Sweat trickled down the back of Dorian’s knees, soaking into the pads of his prosthetic legs.

“You do realize it’s normal for a man to have a crisis of faith. Even a priest,” Kovak said.

“This isn’t a crisis.” Dorian pressed his thumb against the fresh cut on his right thigh.

“Then what is it?” There was no mockery in the man’s tone.

“More of an epiphany.” The ache blossomed into a sting.

Kovak made a thinking sound. “Africa.”

Dorian flinched. Dampness clung to the pad of his thumb, painting the tip red.

“You don’t talk about it.”

“There are some things better left buried.”

Children laughed. Their footsteps tapped the floor of the nave. They ran past the confession box, and the screen on the door broke apart a pink dress and miniature gray suit.

Ghosts of village children wearing worn out T-shirts and shorts followed.

Copper replaced the scent of tobacco.

The hum of flies filled the air.

Dorian clenched his eyes shut but it only stripped away the here and now leaving the wide expanse of savannah and the small white missionary church with its clinic.

The screams.

“Father Gill told me you won’t see anyone.” The bench squeaked from Kovak’s side of the confessional.

Africa disappeared, leaving Dorian behind in the two-hundred-year-old wooden box tucked against the wall of the cathedral.

“But I cannot blame you. Head doctors are useless. Drugs are useless. Nothing more than primer to cover up the stains of mold you hope won’t make its way back up through your new coat of paint. And even if that coat of paint succeeds it does nothing for the soul.”

No, it didn’t. Talking to psychiatrists hadn’t given Dorian a moment of relief. But neither did sitting here while Kovak tried to dig into the fifteen years of Dorian’s absence from home.

The only reason Dorian didn’t walk away was because he owed Kovak for burying his father’s legacy and convincing the Sokolov family there was no one left to pick up where Stephan Christo had left off.

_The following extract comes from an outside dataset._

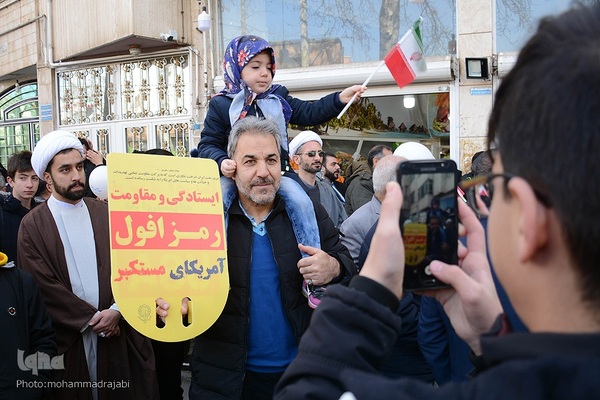 یوم‌الله ۲۲ بهمن در شهرستان محلات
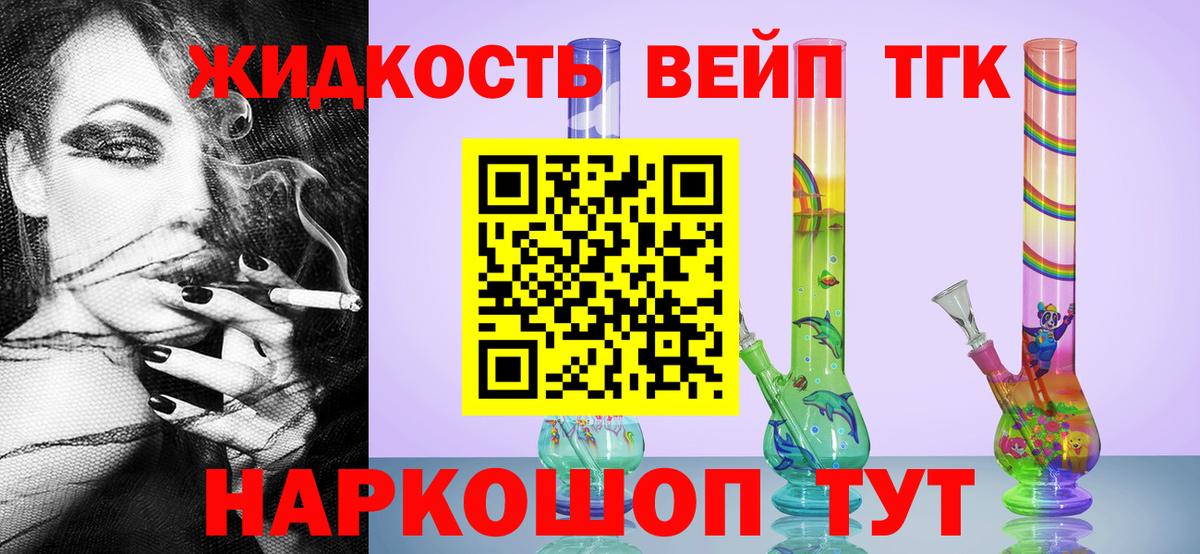 Дистиллят ТГК жижа  ТГК жижа  Вход с VPN  Кемерово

“Please, I’m here to absolve you, not talk about me.”

“Yes, I suppose that is true.” There was enough sadness in the man’s tone to make Dorian pause. “I give to you my transgressions, Father Dorian. I have lied no fewer than a dozen times in the past week, I have deceived, and I have wallowed in the pleasure of flesh. The first two I regret because they can get innocent people hurt. The last, I do not.”

Dorian laughed a little. “Then why bring it up?”

“In case God might make an exception. I admit I am wrong, but I will not lie about regretting it.”

“If you don’t regret it, then technically God can’t forgive you.” Dorian smiled even though the man wouldn’t see it. Even though the expression held no happiness.

“Technically.” And Kovak said the word as if it held all of Dorian’s secrets. Kovak had been around almost twice as long as Dorian had been alive so perhaps it did. And he’d survived into old age for a reason. He didn’t need to wave around his strength to prove himself to his enemies. 

He quietly chose to eliminate them.

Although Kovak did not have the bloody reputation of most men in his circles. 

Unlike Dorian’s father.

“Father, do you ever find yourself afraid of something you never feared before?” Vulnerability laced Kovak’s words. 

“Yes.”

“There are things I must do.” Kovak sighed, and it was impossibly loud in the small box.  “And I must do them because there are people who will destroy others if I don’t. They are not innocent, but they are not deserving of the kind of death those people are capable of.”

The kind of people who’d served Dorian’s family and later turned on them. Faceless names except for one.

“I’m sorry.” Dorian had no idea what else to say.

“Tell me, Father, what do you fear?”

Dorian rested his head against the wall. There were so many things. His father’s voice, his mother’s screams, the face of his dead brother.

The faces of his dead friends.

Instead of any of those, Dorian said, “Silence.”